Incomprehensively, such a condition permits the enemy another day of life to remove another life from us. As usual, too many morons forget the dynamics of competing interests wherein the lesser of multiple evils must be chosen because, if not selected, the greater of those evils will make the choice for us.

This is especially the case when the options are between: a) killing the enemy despite the collateral deaths; or, b) sparing the collateral deaths despite the freed enemy now able to kill more Americans.

It’s beyond frustrating that the majority of Iranians love the US and to attack their country would naturally turn many of them against us. However, the loss of that love cannot be the reason for not attacking a nation that’s currently attacking us. All we wind up losing is an affection that has obviously not been effective enough in dissuading their non-elected clerics from prosecuting a war against the United States.

As crass as it may sound, there truly are times when a country must put the lives of its own people above those of its enemy – including their citizenry.

Tragically, some Americans slather themselves in the unctuous goo of appeasement and characterize it as bathing in diplomatic wisdom. Emblematic of these voices is Zbigniew Brzezinski, President Carter’s National Security Advisor and former guest on Battle Line:

Likely Iranian reactions would significantly compound ongoing U.S. difficulties in Iraq and in Afghanistan, perhaps precipitate new violence by Hezbollah in Lebanon, and in all probability cause the United States to become bogged down in regional violence for a decade or more to come. Iran is a country of some 70 million people and a conflict with it would make the misadventure in Iraq look trivial. “Do Not Attack Iran,” International Herald Tribune, Zbigniew Brzezinski, April 26th, 2006

And he continues to espouse these positions.

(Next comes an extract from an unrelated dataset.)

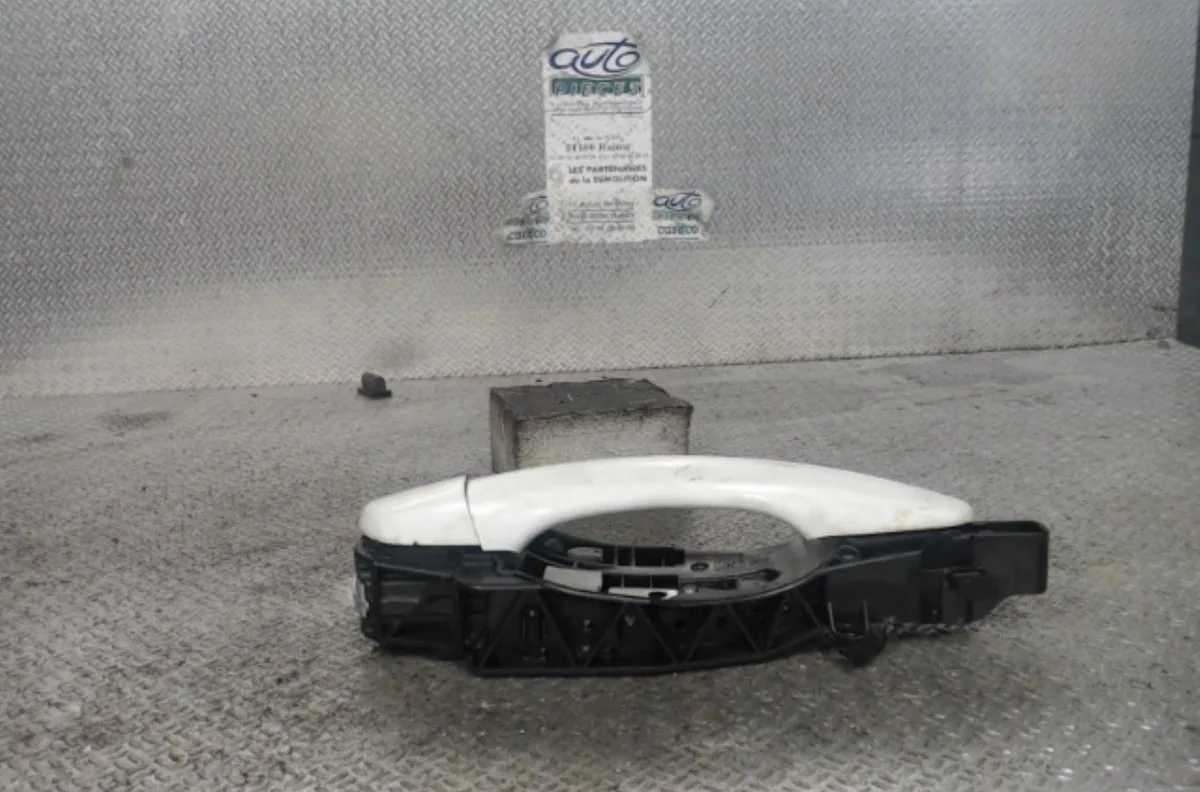 Poignee ext porte ard CITROEN C3 3  C3 3 PHASE 1 occasion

If the reason we can’t defend ourselves is because we’ll only be attacked again, then we have illustrated to our foes how their aggression can become its own validation and protector – not exactly a cut-throat deterrence.

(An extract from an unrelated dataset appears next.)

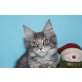 Maine Coon - Katze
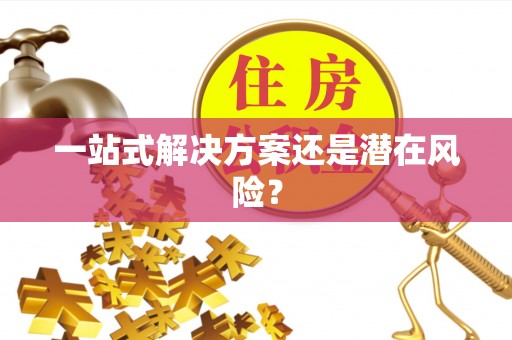 金湾一站式解决方案还是潜在风险？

Clearly the war on drugs is lagging way behind the war on terror.

If there’s no point of finality attached to a last chance given, then it becomes only another chance in a long list of preceding ones carrying all the leverage you would expect – zero.

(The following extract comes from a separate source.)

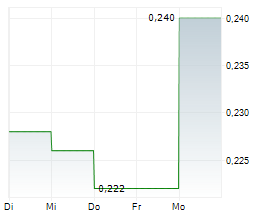 Company issued stock options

Brzezinski also asserts that military action against Iran would only add to our “difficulties in Iraq and Afghanistan.” Of course it would. After all, not holding them accountable over the last two years has been such a wondrous triumph!

Most of us know that if incentives perpetuate good behavior, then disincentives counter the bad. You cannot have one without the other and this also applies to the Middle East. In one of his few unguarded moments, even Hezbollah leader Hassan Nasrallah admitted that had he known that Israel would react as violently as she did to their attack against the Jewish state last June, he never would have done it.

In order to prevail anywhere in the Islamic Middle East, we’re told that we must win their hearts and minds. Too late – they’re already the property of those who have neither.